4 Negara Disebut Masuk 'Jebakan Batman' Utang China, RI Kena?

Jakarta, CNBC Indonesia - Beberapa negara dilaporkan gagal atau tak mampu membayar utang ke China. Adapun, negara itu dikenal sebagai pemberi utang melalui skema Belt and Road Initiative (BRI).
Dana yang diberikan Negeri Tirai Bambu biasanya digunakan untuk proyek pembangunan infrastruktur negara-negara terkait. Namun, beberapa negara di dunia dilaporkan justru terjebak utang tersebut karena tak mampu membayarnya.
Bahkan, tidak sedikit proyek pembangunan infrastruktur yang dijalankan dengan utang dari China berakhir mangkrak.
Lalu, siapa saja negara yang kini terjebak utang China? Berikut rangkuman CNBC Indonesia dari berbagai sumber.
1. Sri Lanka
Sejauh ini, baru satu negara yang benar-benar jatuh dalam utang China, yaitu Sri Lanka. Negeri itu gagal melunasi kewajibannya dalam mengembalikan dana pembangunan Pelabuhan Hambantota.
Pelabuhan itu dibangun pada tahun 2008 dengan bantuan dana segar dari China sebesar US$ 361 juta (Rp 5 triliun). Di 2016, Kolombo akhirnya menyerahkan pelabuhan itu kepada perusahaan China untuk mengelolanya.
Sri Lanka juga akan memindahkan angkatan lautnya. Sejumlah pihak meyakini, hal itu akan membuka peluang bagi China untuk menguasai gerak-gerik tentara Sri Lanka.
Sri Lanka sendiri saat ini tengah bergelut dengan krisis. Krisis ekonomi juga telah menjalar ke politik yang menginginkan rezim diganti.
2. Uganda
Negara lain yang juga disebut tengah bergulat dengan utang China adalah Uganda. Negara ini dilaporkan tengah berusaha mengubah perjanjian pinjamannya dengan China.
Ini untuk memastikan sejumlah aset tidak hilang karena default (gagal bayar). Antara lain bandara internasional Entebbe.
Menurut laporan Gulf News yang melansir Bloomberg awal pekan ini, perjanjian itu dibuat tahun 2015. Negara itu meminjam US$ 200 juta dari Bank Export-Import (EXIM) China untuk memperluas bandara Entebbe.
Klausul yang ingin diubah, antara lain perlunya Otoritas Penerbangan Sipil Uganda untuk meminta persetujuan dari pemberi pinjaman China untuk anggaran dan rencana strategisnya. Aturan lain mengamanatkan bahwa setiap perselisihan antara para pihak harus diselesaikan oleh Komisi Arbitrase Ekonomi dan Perdagangan Internasional China.

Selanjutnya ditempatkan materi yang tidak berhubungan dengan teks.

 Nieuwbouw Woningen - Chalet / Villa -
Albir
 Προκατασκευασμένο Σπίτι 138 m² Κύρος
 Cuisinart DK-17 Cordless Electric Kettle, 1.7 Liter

Hal sama juga dimuat Economic Times. Mengutip sejumlah media lokal, Presiden Uganda Yoweri Museveni dilaporkan telah mengirimkan delegasi ke Beijing guna bernegosiasi dengan pemerintah China.
Uganda sudah mencoba bernegosiasi sejak Maret 2021. Namun, sejauh ini belum berhasil. Pinjaman itu sendiri memiliki tenor 20 tahun, termasuk masa tenggang tujuh tahun.

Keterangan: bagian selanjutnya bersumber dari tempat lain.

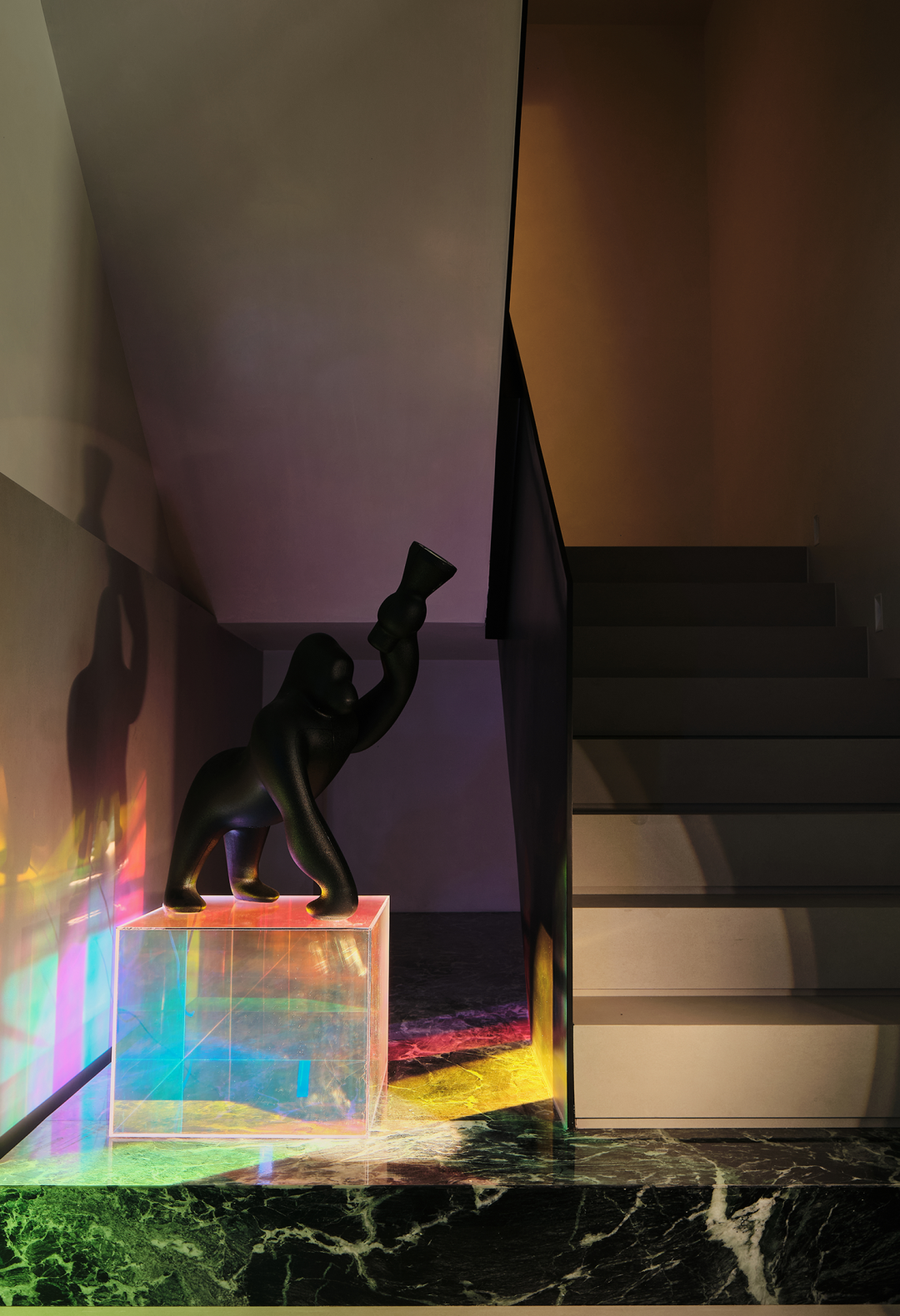 南京院子·时光 自由与爱丨中国南京丨观享际SKH室内设计-147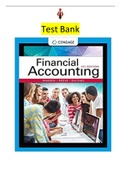 Test Bank -Financial Accounting|Questions answers and Elaborations| 12.ED by Carl S. Warren, James M. Reeve, Jonathan Duchac -  Complete  Chapters and topics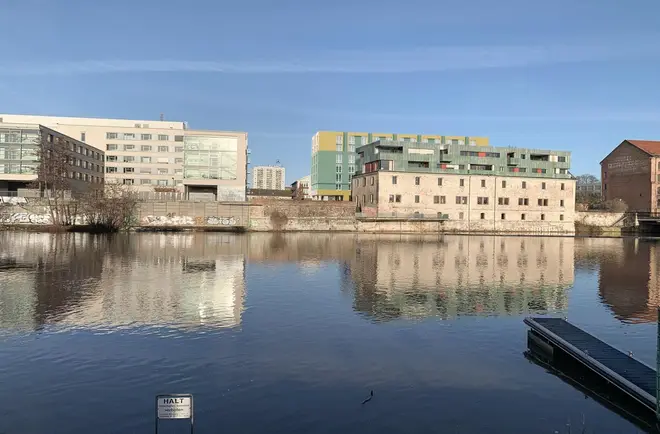 1 Zimmer Wohnung mit 25 m² in Kassel – Bild 5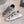 CD B30 Sneaker Gray Brown Mix Beige White Polyester Mesh Fabric And Calfskin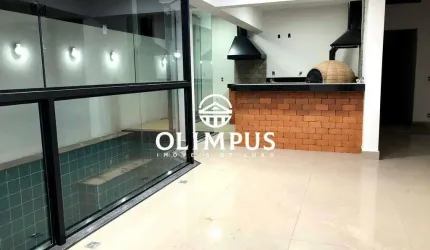 Belíssima casa disponível para locação no condomínio Splendido.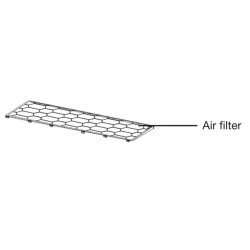 AKAI Air Conditioner Indoor Air Filter for AK-TP26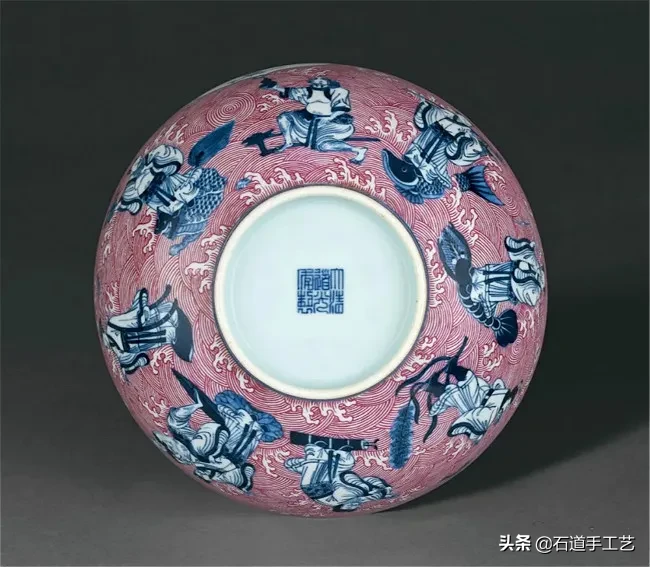 北京诚轩春拍:一波精品明清瓷器成交价来了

"Tetapi sekarang tampaknya transaksi yang ditandatangani dengan EXIM China berarti Uganda 'menyerahkan' satu-satunya bandara internasionalnya," tulis media India tersebut mengutip Sahara Reporters, portal berita yang berfokus pada Afrika.
"Pengungkapan bahwa pemerintah Uganda menandatangani perjanjian, antara lain, melepaskan kekebalan untuk aset kedaulatannya telah menimbulkan pertanyaan tentang tingkat pengawasan dan uji tuntas yang dilakukan birokrat sebelum melakukan perjanjian secara internasional," tulis laporan lain dari Allafrica.
Bandara Internasional Entebbe adalah satu-satunya bandara internasional Uganda. Bandara itu menangani lebih dari 1,9 juta penumpang per tahun.
Sementara itu, juru bicara regulator penerbangan Uganda dan Direktur Jenderal China untuk Urusan Afrika, dalam tweet terpisah, membantah hal ini. Pinjaman diberikan terkait proyek pendanaan yang digagas Xi Jinping, Belt and Road Initiative.